Function* rand() ( const n = 100; const mod = 2; let i = 0; while (true) ( ​​yield i % mod; if (i++ > n) i = 0; ) ) let i = 0; for (let x of rand()) ( if (i++ > 100) break; console.log(x); )
This function generates the sequence 01010101010101... and it cannot even be called pseudo-random. For a generator to be random, it must pass the next bit test. But we don’t have such a task. Nevertheless, even without any tests we can predict the next sequence, which means that such an algorithm is not suitable, but we are in the right direction.

What if we take some well-known but non-linear sequence, for example the number PI. And as the value for the module we will take not 2, but something else. You can even think about the changing value of the module. The sequence of digits in Pi is considered random. The generator can operate using Pi numbers starting from some unknown point. An example of such an algorithm, with a PI-based sequence and a variable module:

Const vector = [...Math.PI.toFixed(48).replace(".","")]; function* rand() ( for (let i=3; i<1000; i++) { if (i >99) i = 2; for (let n=0; n But in JS, the PI number can only be displayed up to 48 digits and no more. Therefore, it is still easy to predict such a sequence, and each run of such a generator will always produce the same numbers. But our generator has already started showing numbers from 0 to 9.

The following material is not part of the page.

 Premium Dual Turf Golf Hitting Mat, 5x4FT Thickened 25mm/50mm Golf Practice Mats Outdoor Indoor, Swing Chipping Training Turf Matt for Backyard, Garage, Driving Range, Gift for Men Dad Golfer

We got a generator of numbers from 0 to 9, but the distribution is very uneven and it will generate the same sequence every time.

We can take not the number Pi, but time in numerical representation and consider this number as a sequence of numbers, and in order to ensure that the sequence does not repeat each time, we will read it from the end. In total, our algorithm for our PRNG will look like this:

Function* rand() ( let newNumVector = () => [...(+new Date)+""].reverse(); let vector = newNumVector(); let i=2; while (true) ( ​​if ( i++ > 99) i = 2; let n=-1; while (++n< vector.length) yield (vector[n] % i); vector = newNumVector(); } } // TEST: let i = 0; for (let x of rand()) { if (i++ >100) break; console.log(x)
This already looks like a pseudo-random number generator. And the same Math.random() is a PRNG, we’ll talk about it a little later. Moreover, each time we get a different first number.

Actually, using these simple examples you can understand how more complex random number generators work. And there are even ready-made algorithms. As an example, let’s look at one of them — this is the Linear Congruent PRNG (LCPRNG).

Linear congruent PRNG

Linear congruent PRNG (LCPRNG) is a common method for generating pseudorandom numbers. It is not cryptographically strong. This method consists of calculating the terms of a linear recurrent sequence modulo some natural number m, given by the formula. The resulting sequence depends on the choice of starting number — i.e. seed. At different meanings seed produces different sequences of random numbers. An example of implementing such an algorithm in JavaScript:

Const a = 45; const c = 21; const m = 67; var seed = 2; const rand = () => seed = (a * seed + c) % m; for(let i=0; i<30; i++) console.log(rand())
Many programming languages ​​use LCPRNG (but not exactly this algorithm(!)).

As mentioned above, such a sequence can be predicted. So why do we need PRNG? If we talk about security, then PRNG is a problem. If we talk about other tasks, then these properties can be a plus. For example, for various special effects and graphics animations, you may need to frequently call random. And this is where the distribution of meanings and performance are important! Secure algorithms cannot boast of speed.

Another property is reproducibility. Some implementations allow you to specify a seed, and this is very useful if the sequence must be repeated. Reproduction is needed in tests, for example. And there are many other things that do not require a secure RNG.

How Math.random() works

The Math.random() method returns a pseudo-random floating point number from the range = crypto.getRandomValues(new Uint8Array(1)); console.log(rvalue)
But, unlike the Math.random() PRNG, this method is very resource-intensive. The fact is that this generator uses system calls in the OS to gain access to entropy sources (mac address, CPU, temperature, etc...).